Targum Pseudo-Jonathan on Genesis 10:26 hides one of the loveliest details in the whole genealogy. Joktan begat Elmodad, who measured (or lined) the earth with lines; and Shaleph, who led forth the waters of rivers, and Chatsarmaveth, and Jarach.
Two of these names are expanded in the Aramaic into portraits of what the sons actually did. Elmodad — his name sounds like the Hebrew mad, to measure — is remembered as the first surveyor, the one who lined the earth into parcels so that people could tell where their land ended and their neighbor's began. Shaleph — his name sounds like shalaf, to draw out — is remembered as the first engineer of irrigation, drawing rivers through channels to water fields that were dry.

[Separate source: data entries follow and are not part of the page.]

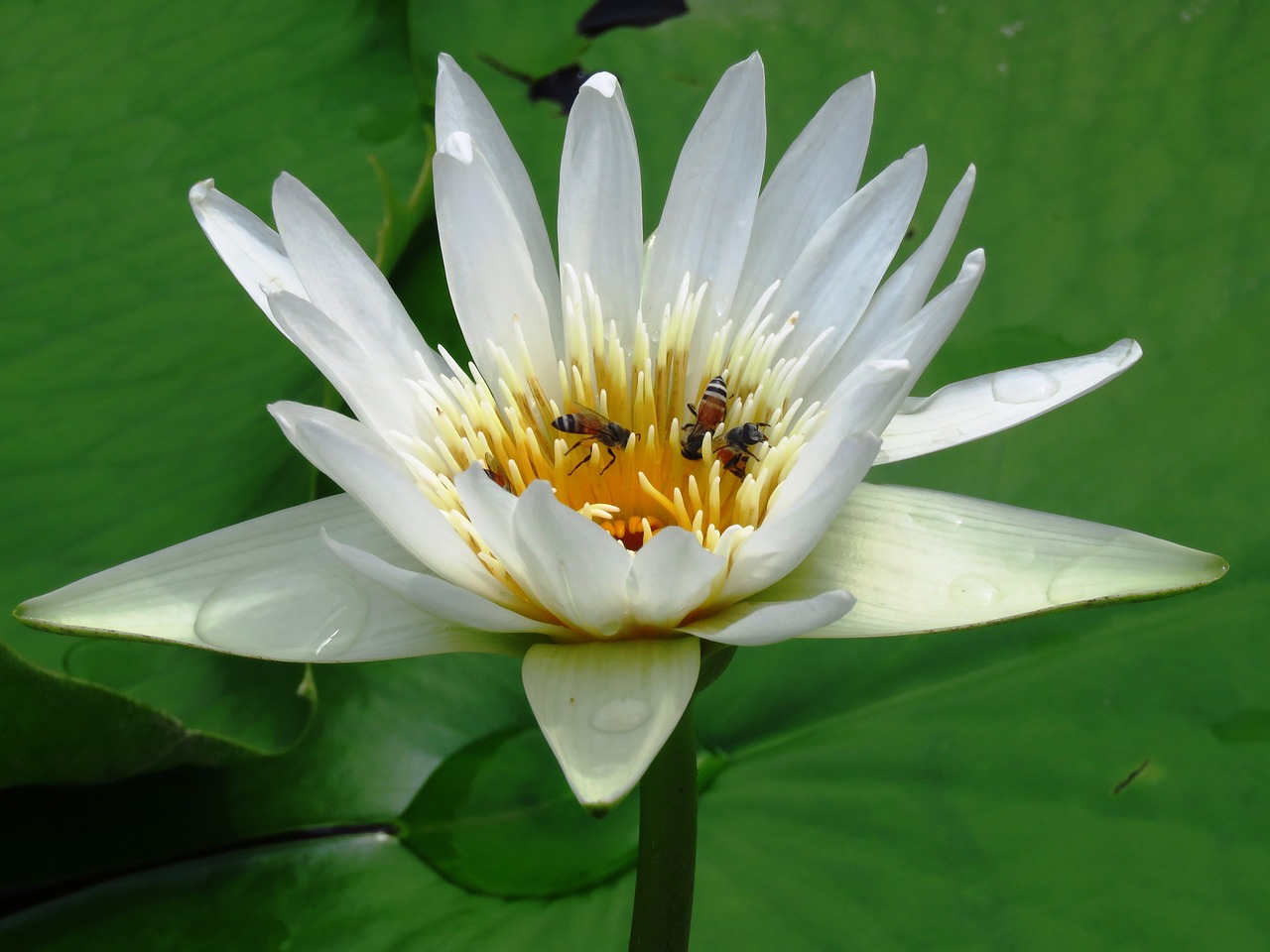 Image - lilly flower honeybee nature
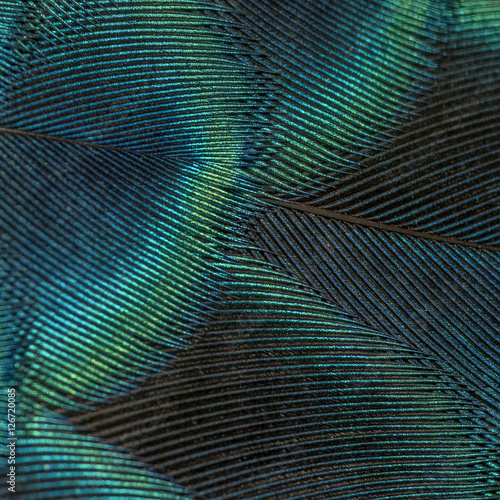 close-up peacock feathers beautiful bird feathers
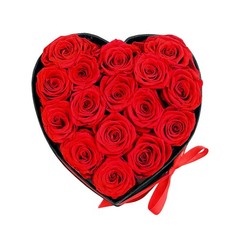 Qutawua Preserved Roses Heart Shape Box Valentines Day Gifts 16 Roses, Red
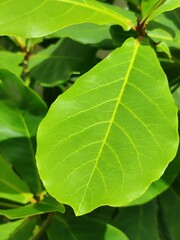 green leaf texture under the sun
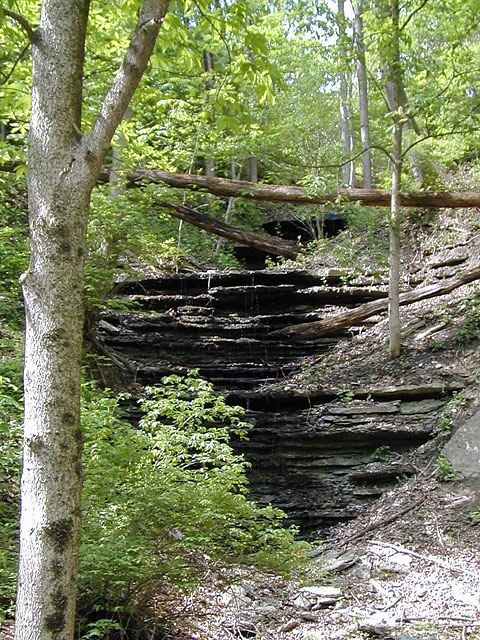 Layers of limestone and shale are exposed along the trail in the Whitewater Gorge.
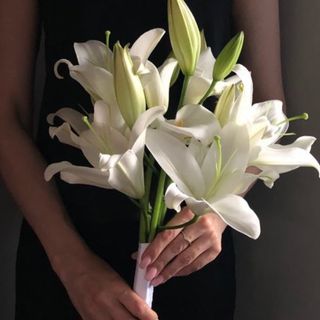 3 tiges de lys blanc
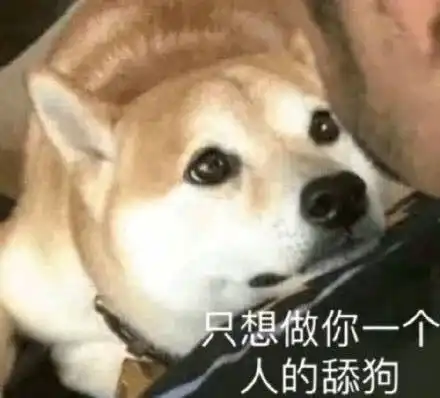  来啊,斗图啊表情有的是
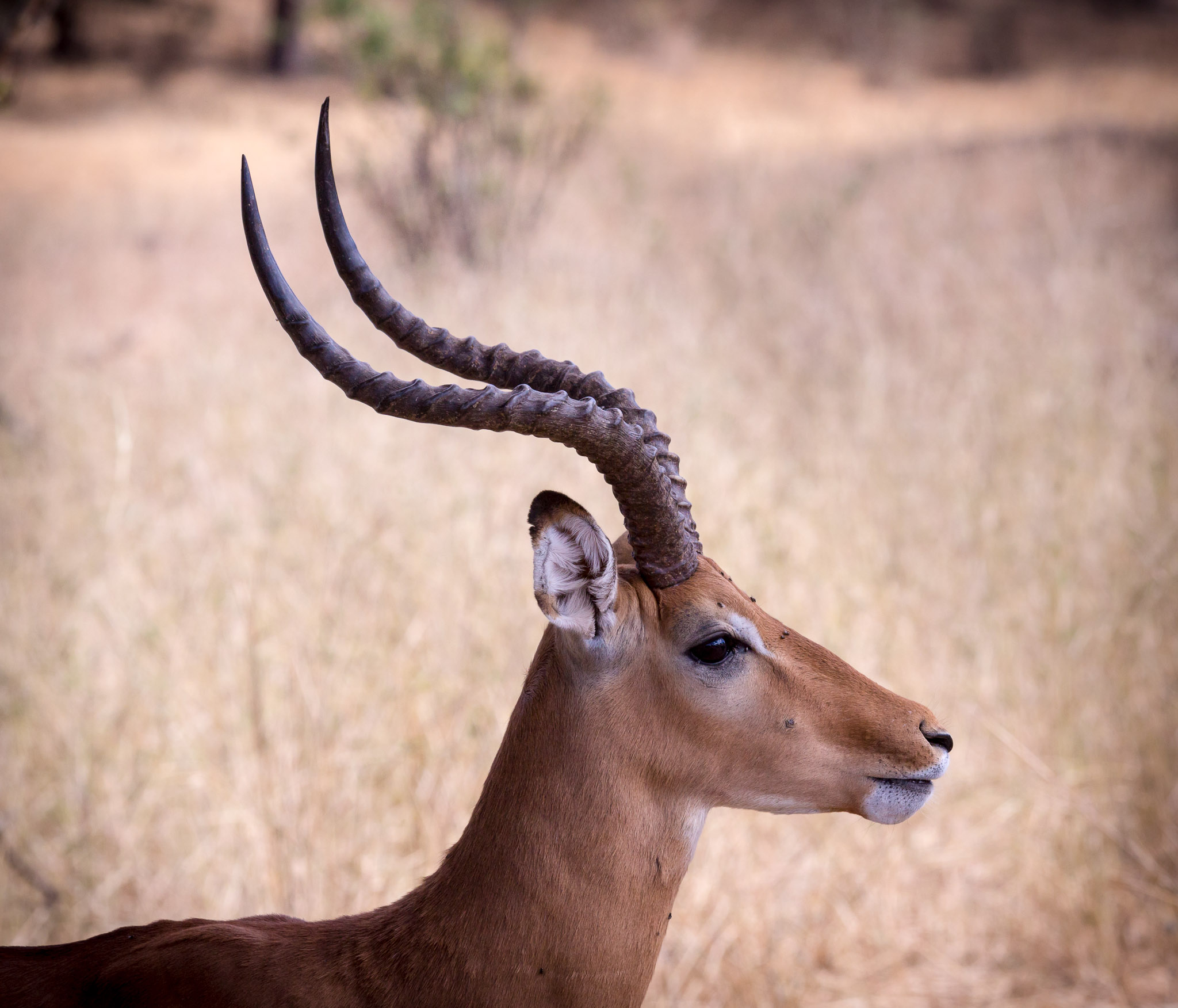 Impala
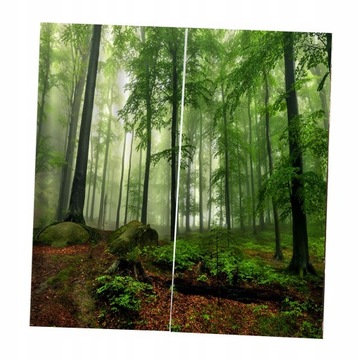 Zestaw 2 paneli Druk cyfrowy 3D Zasłony Las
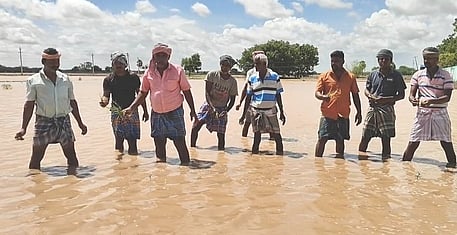 தேங்கிய மழைநீரால் நெல் பயிா்கள் சேதம்: விவசாயிகள் கவலை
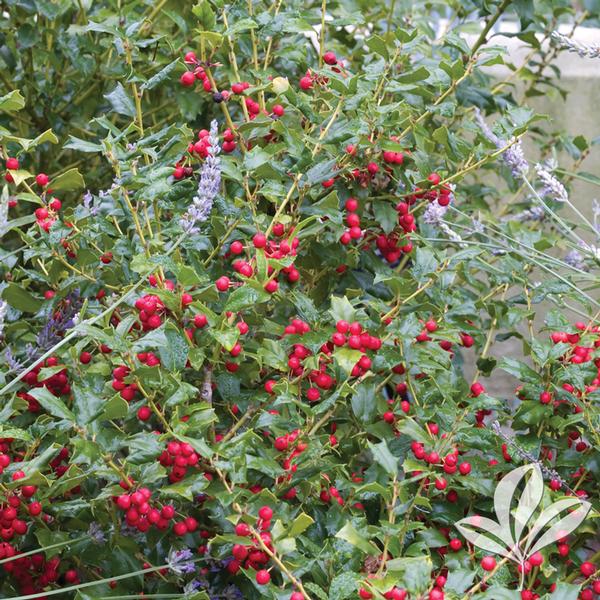 China Twin Holly - America's Gardens Nursery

This is gentle. After the Flood, after Noah's vineyard, after Nimrod's cities, Torah pauses to say: ordinary people were also at work. One drew property lines. One built canals. These are not glamorous jobs. No army marches under Elmodad's banner. No empire is named after Shaleph. And yet, without the one who measures the field and the one who waters it, no nation eats.
The Maggid loves this verse because it blesses the quiet work. Not every descendant of Noah was going to build a tower. Some were going to dig a ditch. Both are part of the renewed world.
The takeaway: in heaven's accounting, a careful measurement is as holy as a loud victory. Most of the world runs on the hands of people whose names almost no one remembers.